Members of the election commission count ballots at a polling station in Kiev.

One thing is clear from Ukraine's parliamentary elections: whoever is responsible for revamping how elections in Ukraine are run – and President Viktor Yushchenko can presumably take the ultimate credit for this – has proved a quick and effective learner. The European Union said these elections were "exemplary." One monitor said they were better than the British elections.

In the space of a less than a year and a half, Ukraine has gone from providing one of the most venal examples of post-Soviet politics to offering perhaps the most inspiring example of a well-run election that the region has seen. These were ordinary elections and that alone is evidence that Ukraine has traveled a long way.

The political landscape shows less change. Ex-prime minister Viktor Yanukovych continued in an essentially defensive position, offering more insults than policies, looking more to the past than to the future.

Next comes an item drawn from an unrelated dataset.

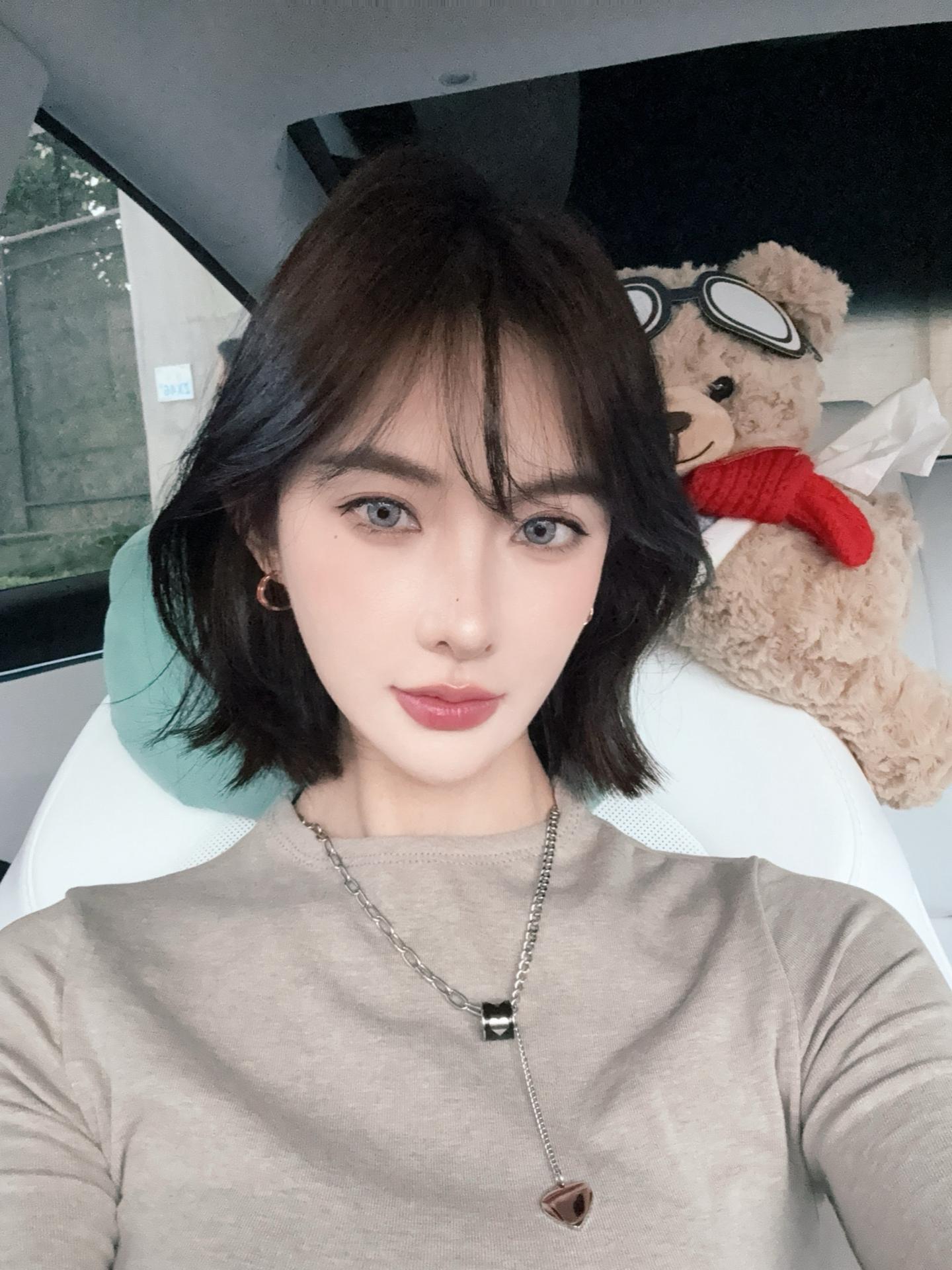 注定当不了软妹子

Our Ukraine are "rats." The Orange Revolution was an "illegal coup." Russian-speakers are second-class citizens. In short, he played to his existing base. Yulia Tymoshenko maintained her position as the firebrand of the revolution.

She sought to downplay her contribution to some of the acrimony of the past year, but her depiction of Ukrainian politics as a bitter, personal battle comes through clearly even when talking of former colleagues-in-arms during the revolution. "I think those guys [from Our Ukraine] would rather 'eat their own hand' today than sign a memorandum which gives our political force the right to form a government," she said after the election.

But in one way the political landscape did change significantly. Having trounced Our Ukraine, Tymoshenko has effectively assumed the position of champion of the revolution from Yushchenko. That is not just by virtue of her election success; it is a consequence of constitutional changes that confer greater executive power with the prime minister than the president – and Tymoshenko will probably emerge as the new prime minister.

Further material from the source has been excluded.